The ultimate goal of Capstone is to unify the numerous hardware abstracts that have been added as extensions to existing architectures as afterthought mitigations to security vulnerabilities. This goal requires a high level of flexibility and extensibility of the Capstone architecture. More specifically, we aim to support the following in a unified manner.

Exclusive access

Software should be guaranteed exclusive access to certain memory regions if needed. This is in spite of the existence of software traditionally entitled to higher privileges such as the OS kernel and the hypervisor.

Revocable delegation

Software components should be able to delegate authority to other components in a revocable manner. For example, after an untrusted library function has been granted access to a memory region, the caller should be able to revoke this access.

Dynamically extensible hierarchy

The hierarchy of authority should be dynamically extensible, unlike traditional platforms which follow a static hierarchy of hypervisor-kernel-user. This makes it possible to use the same set of abstractions for memory isolation and memory sharing regardless of where a software component lies in the hierarchy.

Safe context switching

A mechanism of context switching without trusting any other software component should be provided. This allows for a minimal TCB if necessary in case of a highly security-critical application.

1.2. Major Design Elements

The Capstone architecture design is based on the idea of capabilities, which are unforgeable tokens that represent authority to perform memory accesses and control flow transfers. Capstone extends the traditional capability model with new capability types including the following.

Linear capabilities

Linear capabilities are guaranteed not to alias with other capabilities. Operations on linear capabilities maintain this property. For example, linear capabilities cannot be duplicated. Instead, they can only be moved around across different registers or between registers and memory. They can hence enable safe exclusive access to memory regions. Capabilities that do not have this property are called non-linear capabilities.

Revocation capabilities

Revocation capabilities cannot be used to perform memory accesses or control flow transfers. Instead, they convey the authority to revoke other capabilities. Each revocation capability is derived from a linear capability and can later be used to revoke (i.e., invalidate) capability derived from the same linear capability. This mechanism enables revocable and arbitrarily extensible chains of delegation of authority.

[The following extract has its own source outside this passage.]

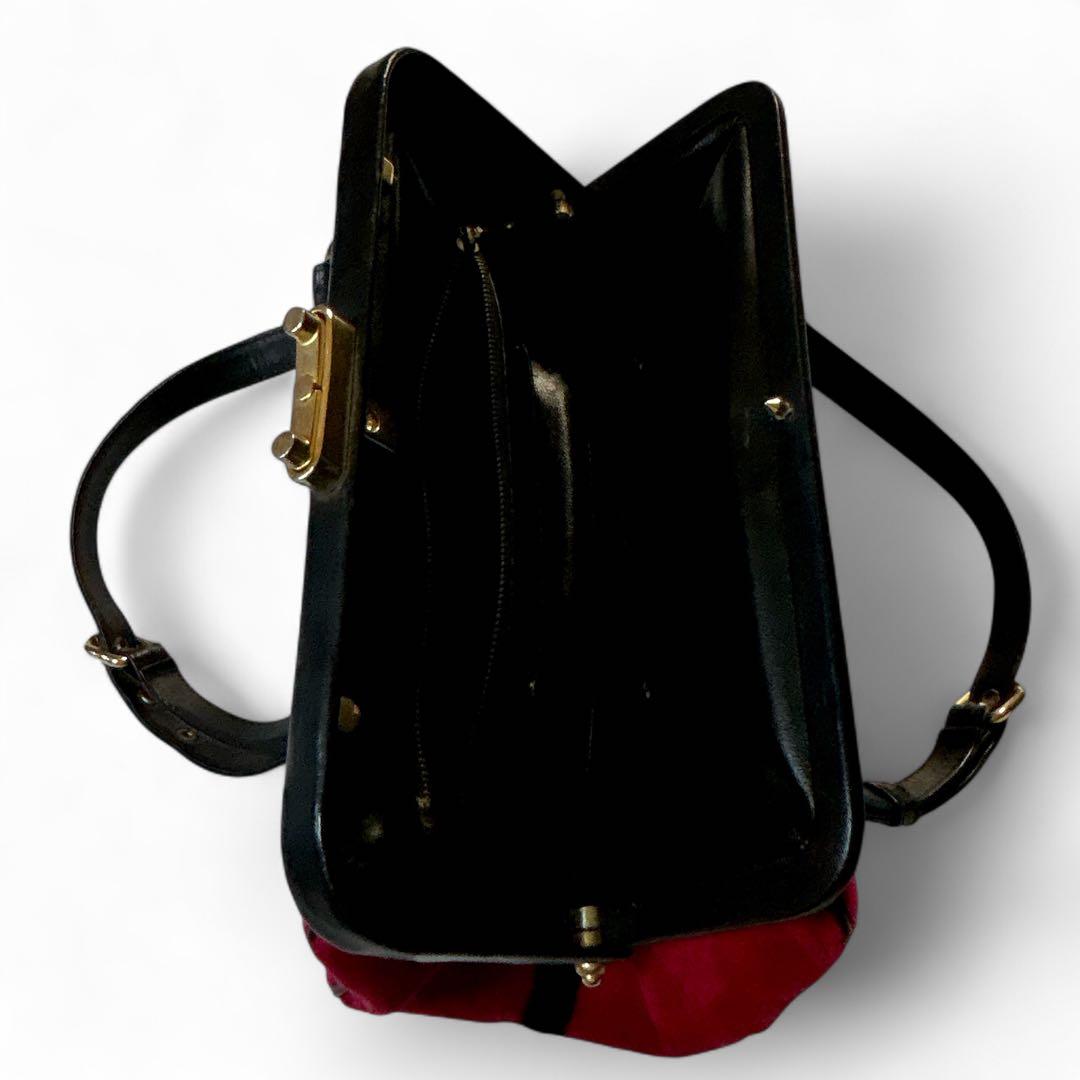 ロベルタディカメリーノ 口金　ベルベット 赤 ハンドバッグ　ロゴ　がま口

Uninitialised capabilities

Uninitialised capabilities convey write-only authority to memory. They can be turned into linear capabilities after the memory region has been "initialised", that is, when the whole memory region has been overwritten with fresh data. Uninitialised capabilities enable safe initialisation of memory regions and prevent secret leakage without incurring extra performance overhead.

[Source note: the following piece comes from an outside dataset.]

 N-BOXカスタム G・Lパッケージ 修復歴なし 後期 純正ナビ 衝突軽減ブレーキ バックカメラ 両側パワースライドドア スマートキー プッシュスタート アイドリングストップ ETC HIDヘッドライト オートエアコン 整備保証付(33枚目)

1.3. Capstone-RISC-V ISA Overview

While Capstone does not assume any specific modern ISA, we choose to propose a Capstone extension to RISC-V due to its open nature and the availability of toolchains and simulators.

The Capstone-RISC-V ISA is a 64-bit RISC-V extension that makes the following types of changes to the base architecture:

  • Each general-purpose register is extended to 129 bits to accomodate 128-bit capabilities.

  • New instructions for manipulating capabilities are added.

  • New instructions for memory accesses using capabilities are added.

  • New instructions for control flow transfers using capabilities are added.

  • Semantics of a small number of existing instructions are changed to support capabilities.

  • Semantics of interrupts and exceptions are changed to support capabilities.

1.4. Assembly Mnemonics

Each Capstone-RISC-V instruction is given a mnemonic prefixed with CS.. In contexts where it is clear we are discussing Capstone-RISC-V instructions, we will omit the CS. prefix for brevity.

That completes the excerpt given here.